One way to assess if the changes were beneficial is to turn to Dickens’ own words:

In Dickens' great tale, Pip met Miss Havisham as she sat near her dressing table.

However the only thing to be done being to knock at the door. I knocked and was told from within to enter. I entered therefore and found myself in a pretty large room well lighted with wax candle.s No glimpse of daylight was to be seen in it. It was a dressing room as I supposed from the furniture though much of it was of forms and uses then quite unknown to me. But prominent in it was a draped table with a gilded looking glass, and that I made out at first sight to be a fine lady’s dressing table.”

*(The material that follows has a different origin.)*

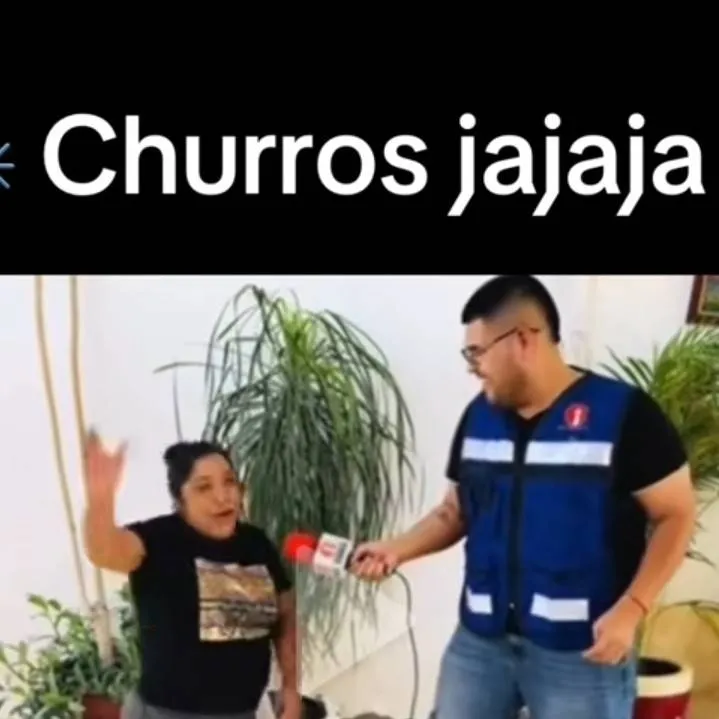 chat with ai character: churros🗣️🔥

In this film, Miss Havisham walks Pip through a room filled with dusty glass dome-covered scientific specimens that her dead brother had collected from exotic places, much as a docent would accompany a visitor through a musty science museum.

Dead specimens under dusty glass.

Pip’s actual first impression of Miss Havisham after walking through a dark house was much more powerful and immediate:

In an armchair with an elbow resting on the table and her head leaning on that hand sat the strangest lady I have ever seen or shall ever see.”

Once beautiful butterflies pinned into a frozen position, a rather obvious visual simile.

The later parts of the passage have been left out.